Selon une enquête de la Police métropolitaine de Tokyo, il y avait 174 agences en janvier 2016 proposant de tels services rien qu’à Tokyo. Depuis qu’un nombre important de ces pratiques ont été signalées suite au renforcement de la loi sur la protection de l’enfance, beaucoup d’entreprises du JK business n’ont plus de locaux fixes. Une connexion Internet et des bureaux à louer temporairement suffisent pour s’occuper des clients et des lycéennes grâce aux réseaux sociaux. Les utilisateurs peuvent choisir sur internet le lieu et la date de la rencontre, ainsi que d’autres critères. De l’autre côté, les lycéennes postulent à travers les sites d’offres d’emploi et les réseaux sociaux.
Aucun sentiment de culpabilité pour certaines
Voici des exemples d’offres d’emploi que l’on peut trouver sur les sites spécialisés dans ce domaine :
« Nous recrutons des lycéennes pour travailler comme guide accompagnatrice ! Salaire horaire élevé garanti si vous postulez maintenant. Beaucoup de lycéennes gagnent plus de 20 000 yens en travaillant trois heures par jour ! »
« CV non requis. Date et heure de l’entretien selon votre convenance. Nous garantissons qu’aucune information personnelle ne sera divulguée. »
« Postulez en toute simplicité. Gagnez de l’argent facilement pendant votre temps libre. Nous sommes associés à des agences artistiques et beaucoup de nos employées trouvent du travail comme mannequin ou dans les médias. »
« Nous sommes une société de premier ordre pleinement agréée. Nous ne vous ferons jamais pression pour accepter un travail. Nous respectons les termes des contrats signés avec nos employées. »
Une des offres mentionne « guide accompagnatrice », mais en réalité le travail consiste à faire des promenades avec les clients. De plus, ces derniers peuvent choisir des options supplémentaires, comme « se tenir par la main » ou « faire du karaoke ensemble ». Certaines entreprises vont bien plus loin, en proposant secrètement à leur clientèle d’avoir des rapports sexuels avec les lycéennes.
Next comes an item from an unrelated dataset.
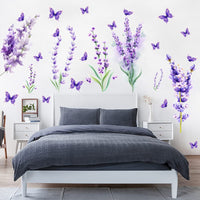 Garvee 2 fogli/set adesivi murali viola lavanda rimovibili a getto d'inchiostro per la decorazione del soggiorno, materiale in PVC, facili da usare, autoadesivi, superficie liscia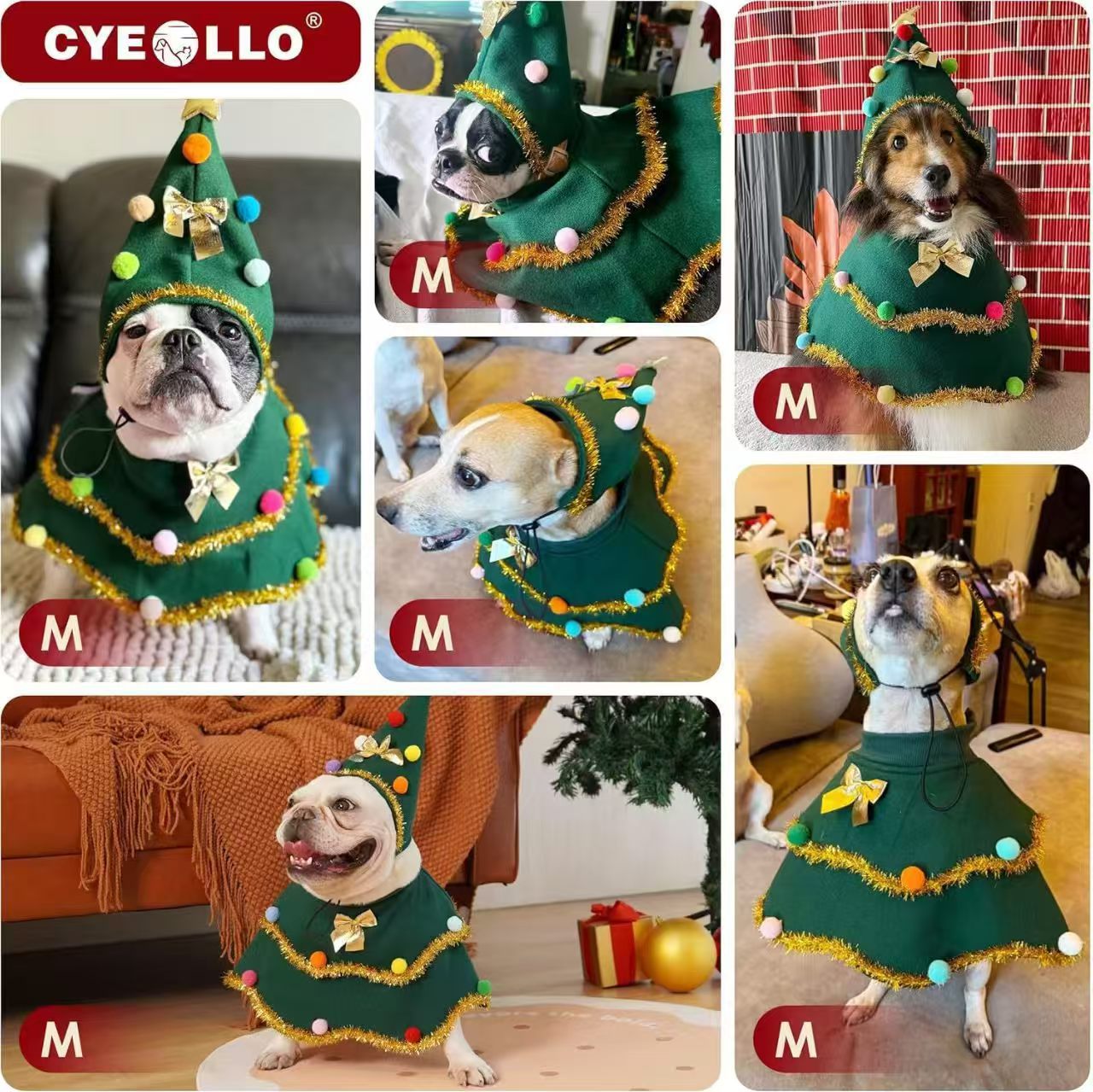 Green festive dog cape with cartoon Christmas design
D’après un sondage (Institut STEP, mars 2016) mené auprès de 515 collégiens et lycéens de Tokyo, 63 % d’entre eux avaient entendu parler du JK business et 9,5 % connaissaient quelqu’un y ayant déjà travaillé. De plus, une partie considérable des sondés avait un avis positif sur le sujet. En effet, à la question « que pensez-vous des personnes travaillant dans le JK business », 22,9 % avaient répondu « elles le font parce qu’elles ont besoin d’argent, on ne peut rien y faire » et 10,5 % « tant qu’elles prennent du plaisir dans leur travail, il n’y a pas de problème ». De plus, 8,3 % d’entre eux étaient même très intéressés par ce genre de travail, estimant que « c’est une nouvelle manière pour les jeunes étudiantes de gagner de l’argent dans la société actuelle ».
Qu’est-ce qui incite les lycéennes à accepter ce genre de travail et quelle est la réalité du JK business ?
Des jeunes filles manipulées
Yuri, âgée de 18 ans, est en troisième année du lycée et habite à Tokyo. Elle fait partie du club de théâtre de son école et veut intégrer une école spécialisée dans la mode. Pendant une année, de 16 à 17 ans, Yuri a travaillé dans le JK business. Son travail consistait à s’habiller en tenue cosplay de personnages d’anime ou de jeux vidéo, participer à des séances photos dans des chambres d’appartement ou faire du karaoke avec des clients.
À cette époque, Yuri gagnait 20 000 yens par mois (150 euros) en travaillant quelques heures dans des restaurants. Mais son portefeuille se vidait dès qu’elle faisait du shopping ou sortait manger avec ses amis. C’est alors qu’une de ses collègues de travail lui a donné le nom d’un site d’offres d’emploi dans le JK business. Sur la page d’accueil, on pouvait lire : « 20 000 lycéennes inscrites sur notre site », ou encore : « 150 inscriptions aujourd’hui ». Les offres étaient réparties en plusieurs catégories, telles que séance photo, cosplay, karaoke, guide touristique, etc. Il y avait aussi des photos et des commentaires de jeunes filles ayant déjà travaillé pour le site. Bien que méfiante de prime abord, les messages laissés par ces lycéennes expérimentées ont attiré son attention.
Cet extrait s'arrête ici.